Jeffrey Bloomer: When did you start to realize the scale of what was coming, and how did you start to plan for it when you did?

William McDonald: We were still in the office at the time. We saw this developing, like everybody else, with growing alarm. Sam Roberts, who’s one of our crack writers—he’s a longtime New York Times correspondent and editor—he’s with our group and he originally floated the idea of whether we should be doing something like our 9/11 Portraits of Grief project. He had the thought maybe before the rest of us did. And he was right.

Portraits of Grief actually was done by the Metro Desk at the time, not the obituary section. But those were a finite number of people who had died. And it took several months for the paper to actually account for, I think, almost all of them, if not all of them.

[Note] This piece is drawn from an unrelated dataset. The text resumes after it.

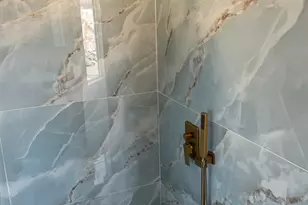 1754 California Ave, Provo, UT 84606 - Photo 35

“There is tremendous reader interest in who exactly is succumbing to this.” — William McDonald

This is something much different. The scale is different by orders of magnitude. Some people thought, oh, it’s beyond our scope. We’re just a small group. Obviously, we cannot report on all the deaths. There were too many. So we decided to do something like a cross section of deaths. We were getting emails, we were getting notified by others outside too, about the various deaths. It overtook us in a way too, this tide of deaths. It was becoming startling and shocking how many people there were, and with great stories. Great lives were being lost. And we wanted to account for some of them. We wanted to make the point, I suppose, implicitly, that this disease was hitting people from all walks of life.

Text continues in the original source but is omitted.